*What is needed:*
Below are several records. Retype exactly those lines running from the one with "Kabel Data /" through the one with "Bierbaum Feinbiber Bettwäsche", end lines included, and no others.

*Information given:*

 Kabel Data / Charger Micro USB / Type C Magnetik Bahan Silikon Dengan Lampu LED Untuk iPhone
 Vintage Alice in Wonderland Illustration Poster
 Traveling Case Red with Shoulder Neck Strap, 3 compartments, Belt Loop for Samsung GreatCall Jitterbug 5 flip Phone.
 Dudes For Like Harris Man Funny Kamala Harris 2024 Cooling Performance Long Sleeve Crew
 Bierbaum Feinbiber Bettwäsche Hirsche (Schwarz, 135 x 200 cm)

--

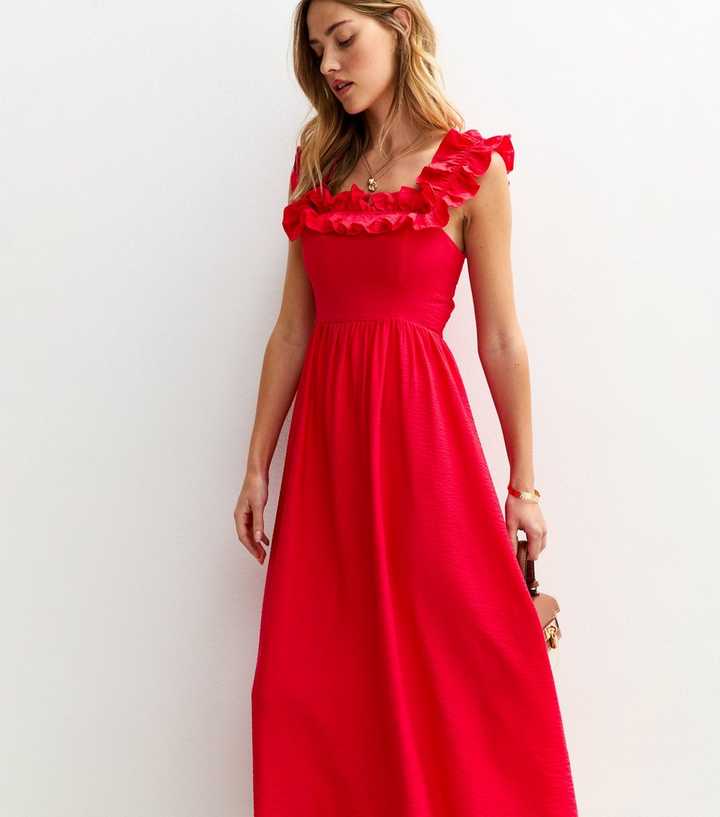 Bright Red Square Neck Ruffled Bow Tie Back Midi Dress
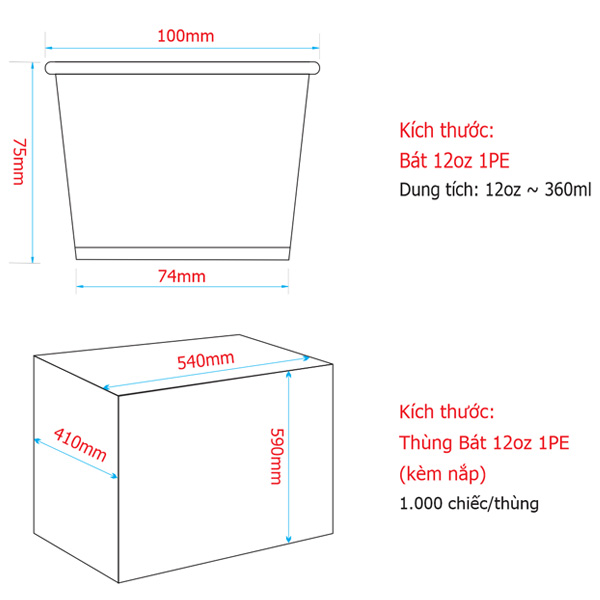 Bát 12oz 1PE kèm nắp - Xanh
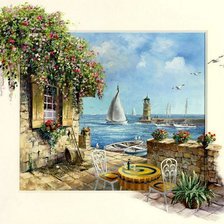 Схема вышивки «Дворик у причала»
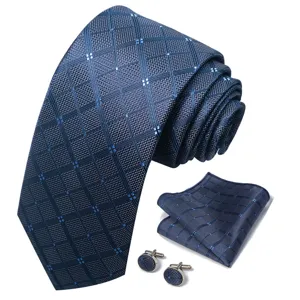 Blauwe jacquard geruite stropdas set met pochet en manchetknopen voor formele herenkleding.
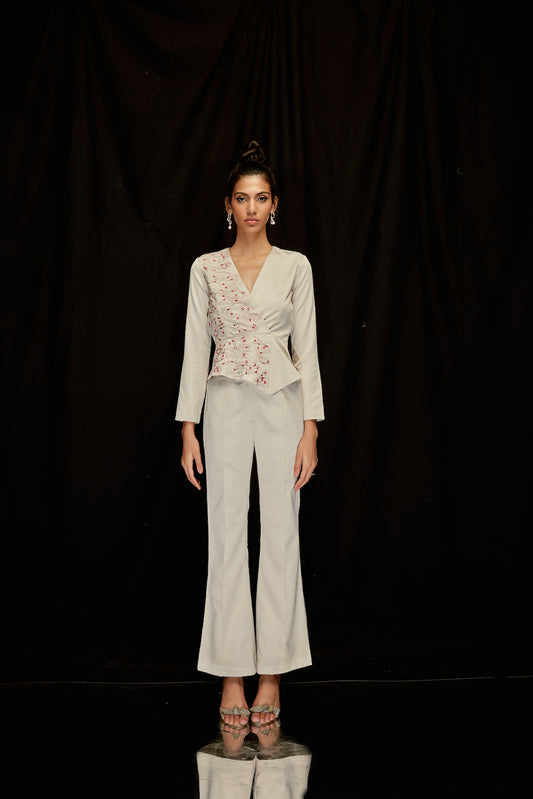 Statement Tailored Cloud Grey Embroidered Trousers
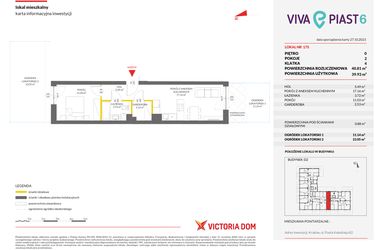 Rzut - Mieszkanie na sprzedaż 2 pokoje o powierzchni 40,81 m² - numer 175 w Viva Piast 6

---

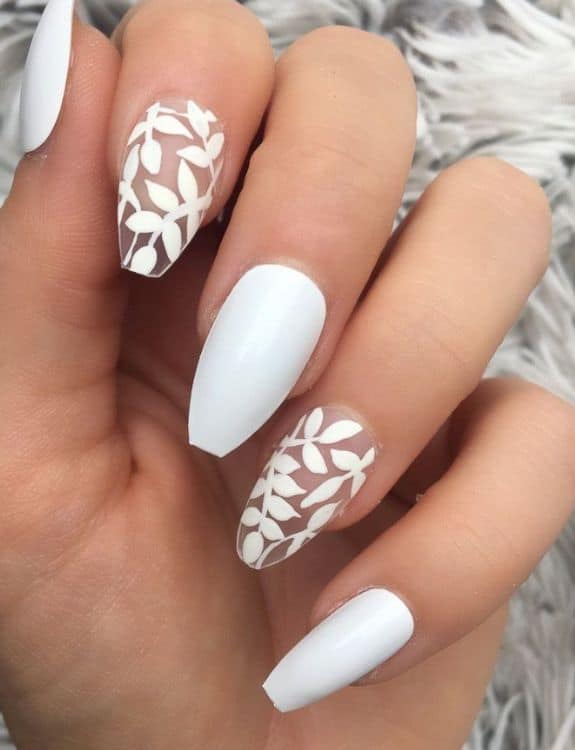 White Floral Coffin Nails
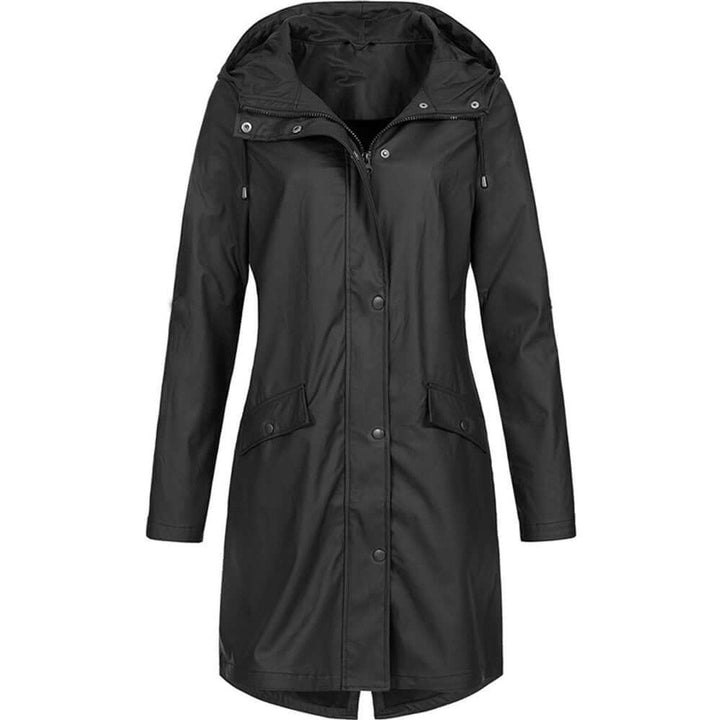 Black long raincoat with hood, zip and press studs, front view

*Answer section:*
 Kabel Data / Charger Micro USB / Type C Magnetik Bahan Silikon Dengan Lampu LED Untuk iPhone
 Vintage Alice in Wonderland Illustration Poster
 Traveling Case Red with Shoulder Neck Strap, 3 compartments, Belt Loop for Samsung GreatCall Jitterbug 5 flip Phone.
 Dudes For Like Harris Man Funny Kamala Harris 2024 Cooling Performance Long Sleeve Crew
 Bierbaum Feinbiber Bettwäsche Hirsche (Schwarz, 135 x 200 cm)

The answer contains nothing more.